=== Prompt ===
Pictures in the listing should not be copied. Reproduce, word for word, each line from the one holding "7373ec67c400a5d3aa36a304ccde7a13.jpg" through the final line.

=== Provided records ===
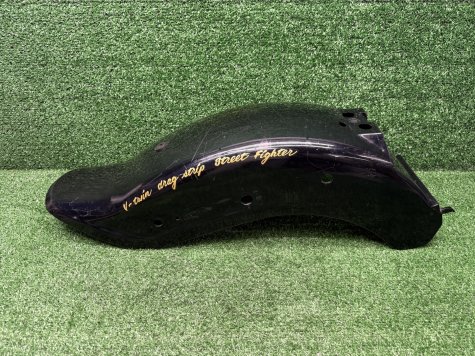 Крыло заднее Suzuki VZ 400 Desperado-0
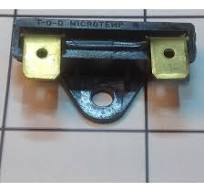 4520-2030-000 Replacement Part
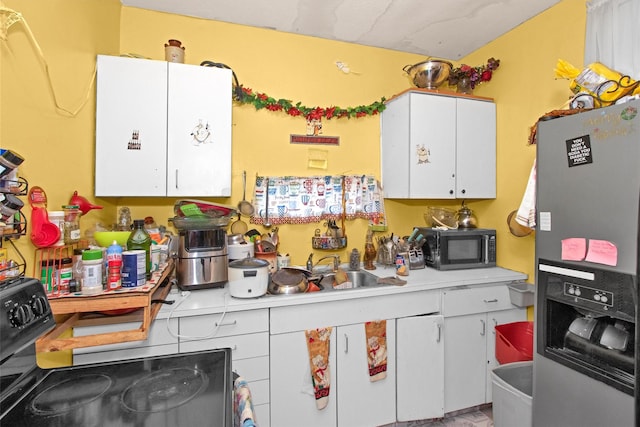 3316 Love Plz, Houston, TX 77026 - photo 6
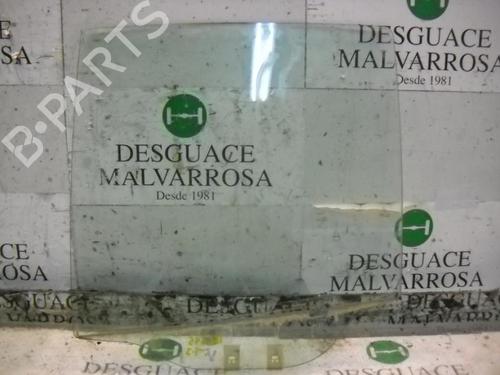 Dør rude ventre bagtil Dør rude ventre bagtil TATA INDIGO MARINA (4_V2) [2003-2012] 9121895 9121895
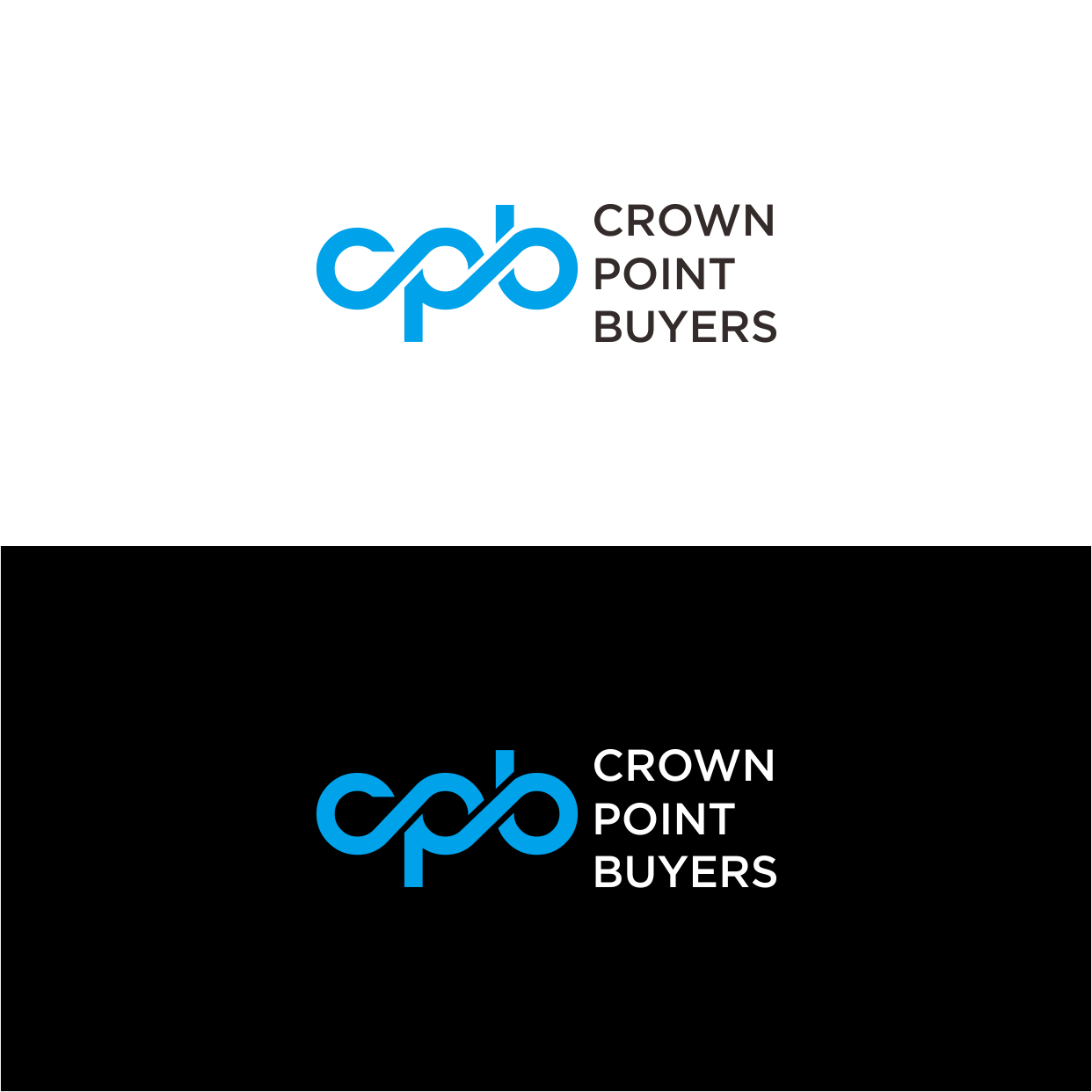 Diseño de Logo por art to para este proyecto | Diseño #36113361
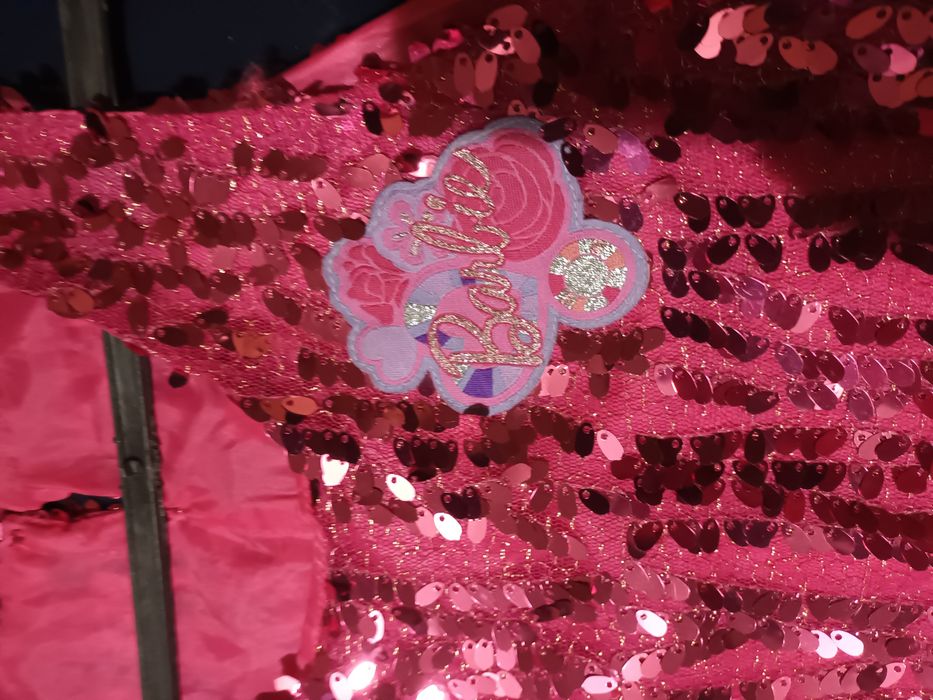 Продам платье на девочку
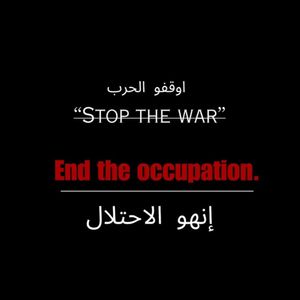 Image post by @green.anarchist on Instagram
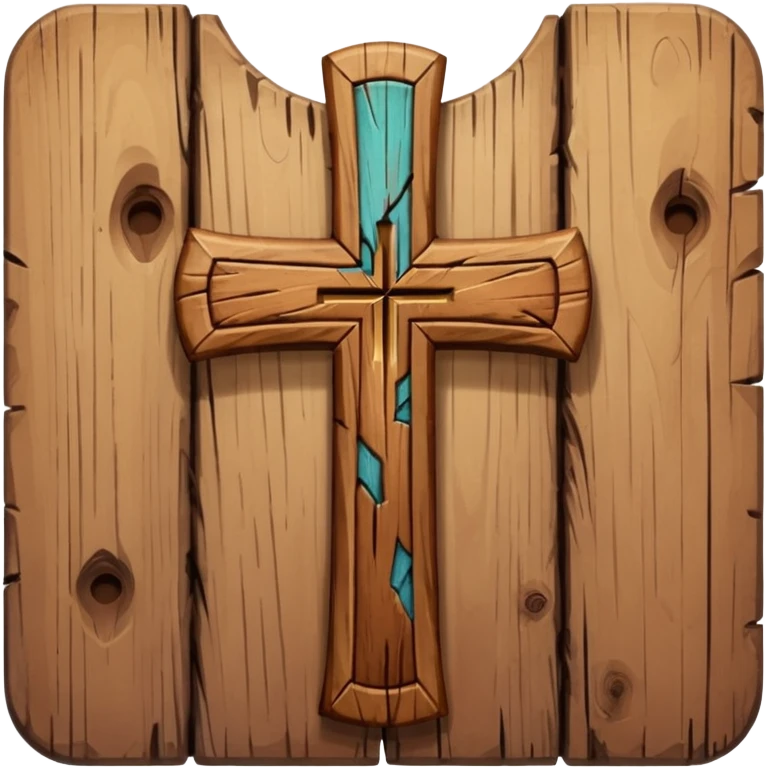 cross or cancle or delete emoji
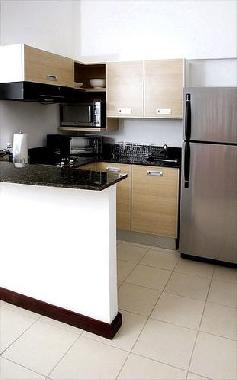Apartamento de vacaciones en 100.000 (San Jose)Casa de vacaciones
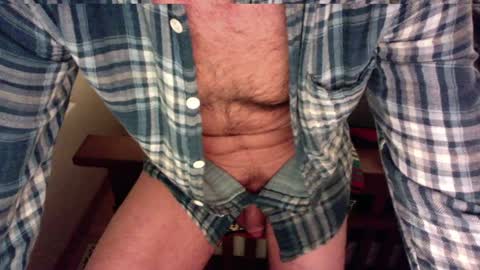 Submitted4u online show from February 26, 12:49 am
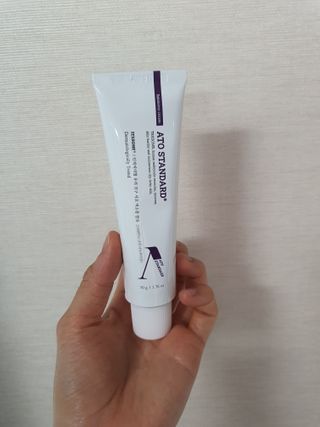 박하정님이 올린 리뷰 사진 3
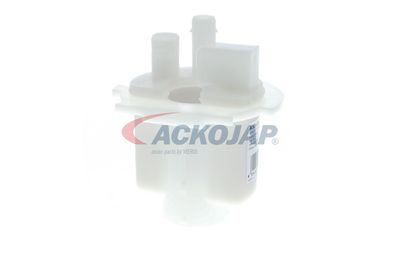 FILTRU COMBUSTIBIL ACKOJA A530303 38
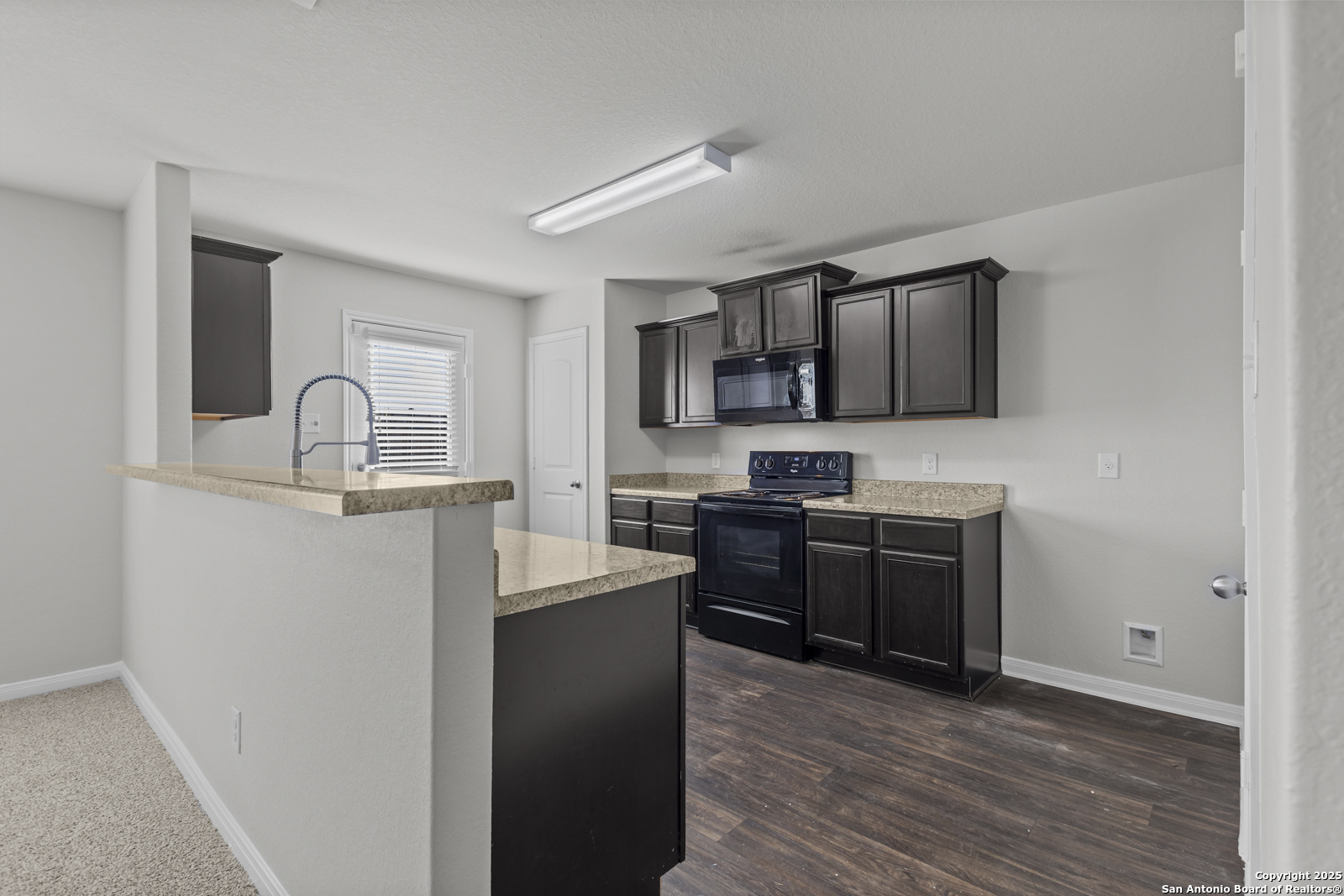 12350 Mahoney San Antonio TX 78252
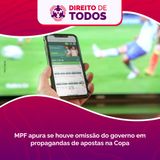 #97 - Direito de Todos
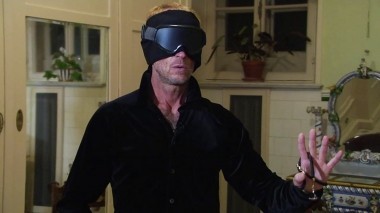 Битва экстрасенсов, 17 сезон, 13 выпуск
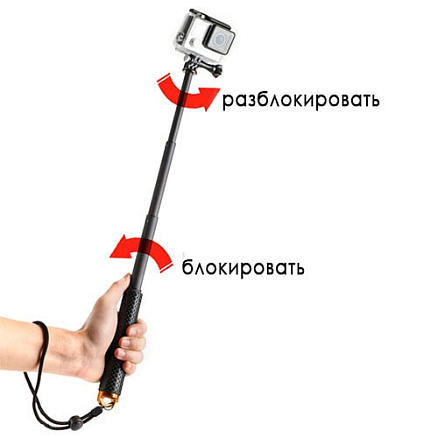 7373ec67c400a5d3aa36a304ccde7a13.jpg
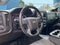 2019 Chevrolet Silverado 2500 HD LT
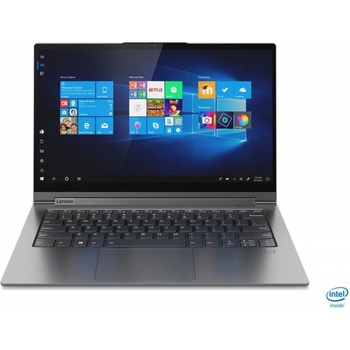 Lenovo IdeaPad Yoga C940 81Q9000TCK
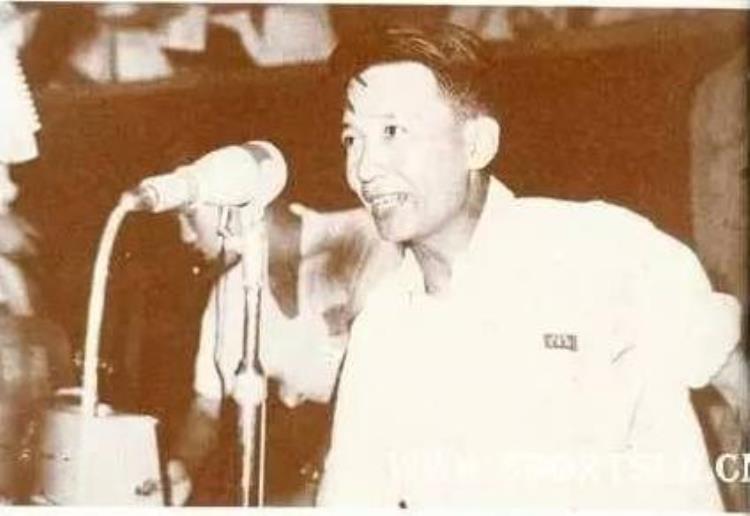 宋世雄解说的体育节目「名嘴宋世雄解说体育近两千场和妻子相濡以沫50多年」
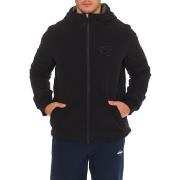 Veste Vuarnet AMF20232-999040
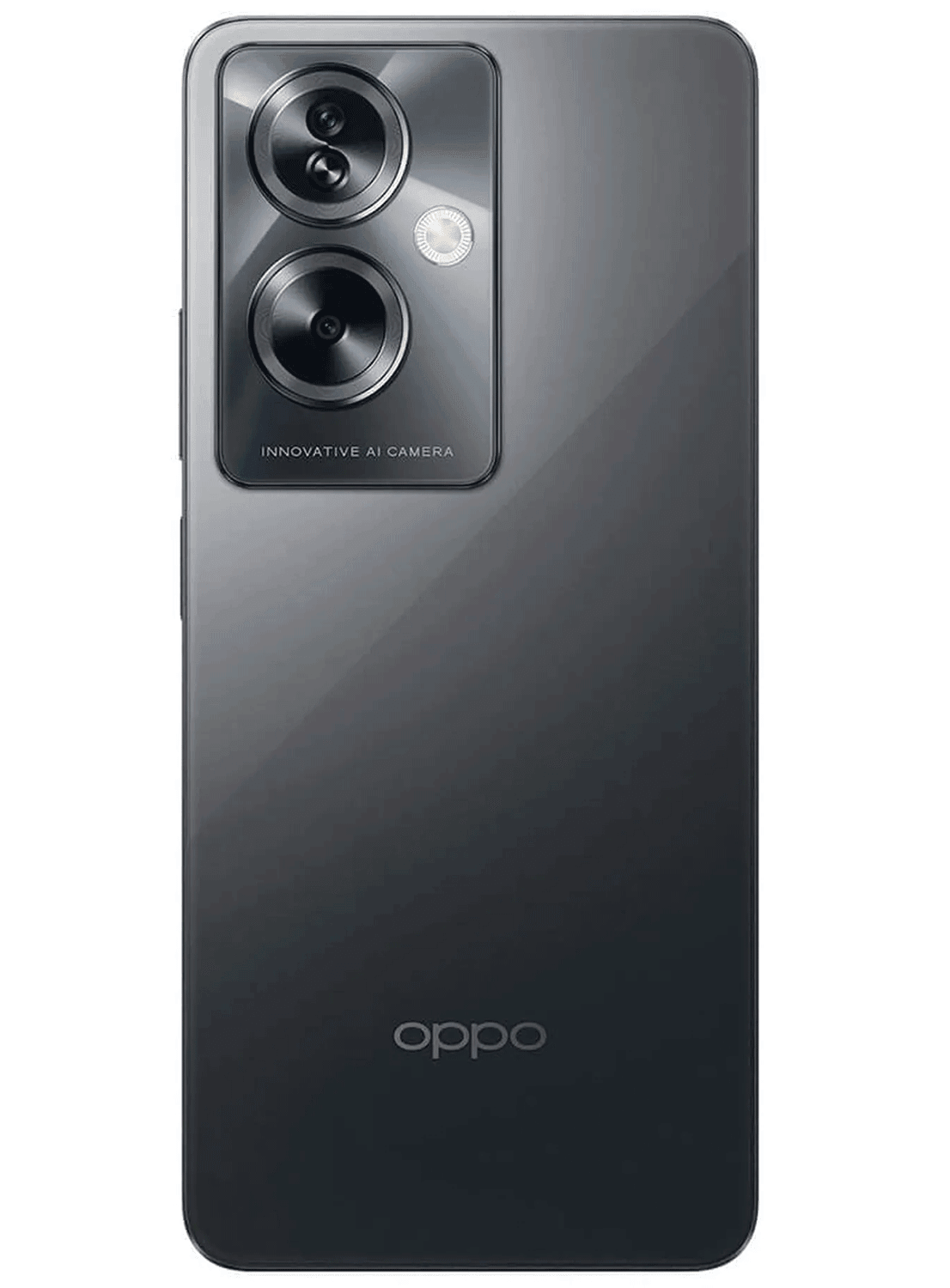 OPPO A79 5G - CarbonPhone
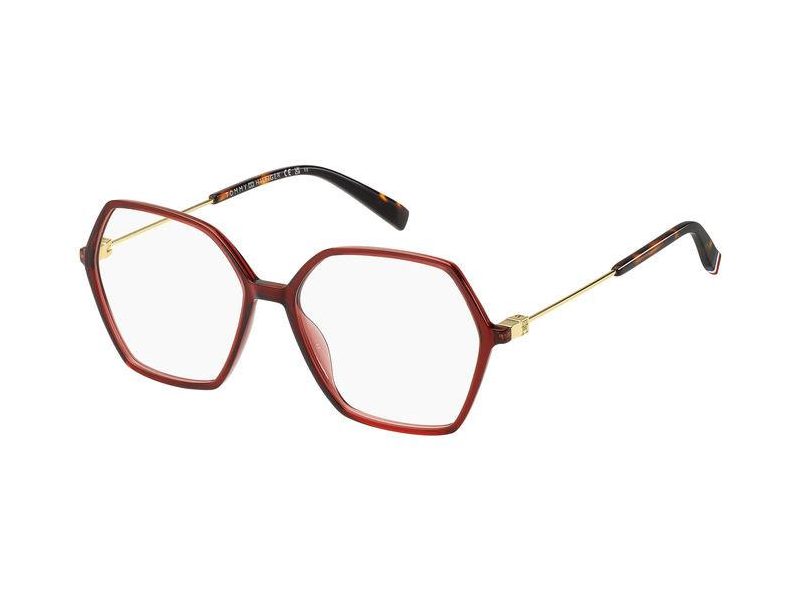 Tommy Hilfiger Glasögon TH 2059 C9A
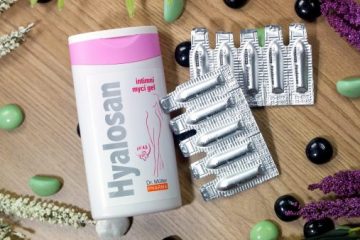 Cách chăm sóc vùng kín hiệu quả dành cho chị em phụ nữ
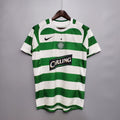Celtic Retro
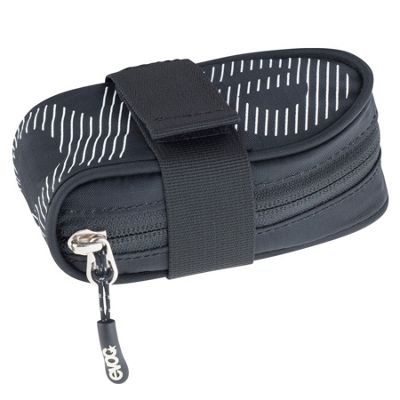 Evoc Saddle Race Bag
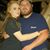 Lindsey Nicole's profile image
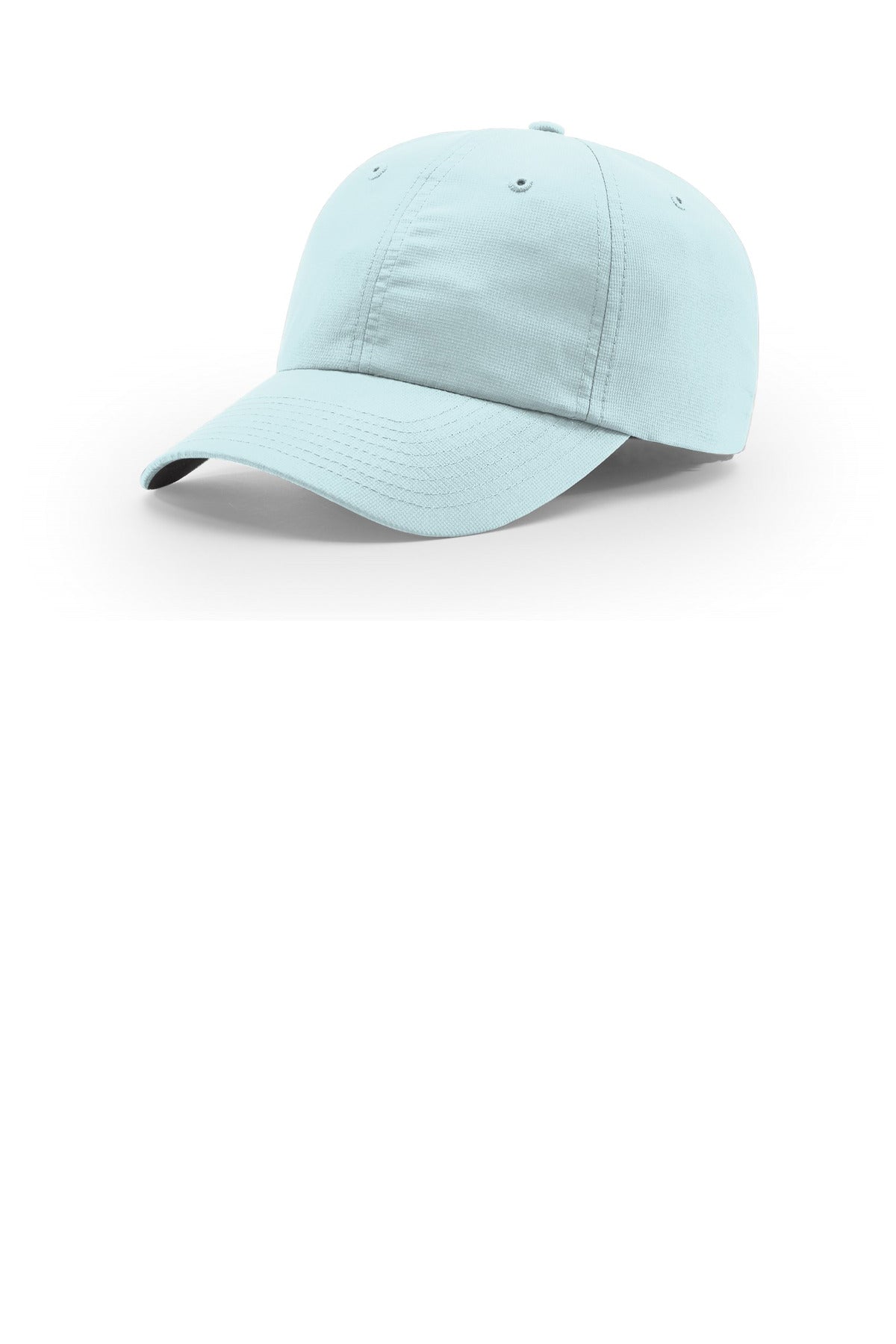 #color_soft blue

=== Solution ===
 7373ec67c400a5d3aa36a304ccde7a13.jpg
 2019 Chevrolet Silverado 2500 HD LT
 Lenovo IdeaPad Yoga C940 81Q9000TCK
 宋世雄解说的体育节目「名嘴宋世雄解说体育近两千场和妻子相濡以沫50多年」
 Veste Vuarnet AMF20232-999040
 OPPO A79 5G - CarbonPhone
 Tommy Hilfiger Glasögon TH 2059 C9A
 Cách chăm sóc vùng kín hiệu quả dành cho chị em phụ nữ
Celtic Retro
 Evoc Saddle Race Bag
 Lindsey Nicole's profile image
 #color_soft blue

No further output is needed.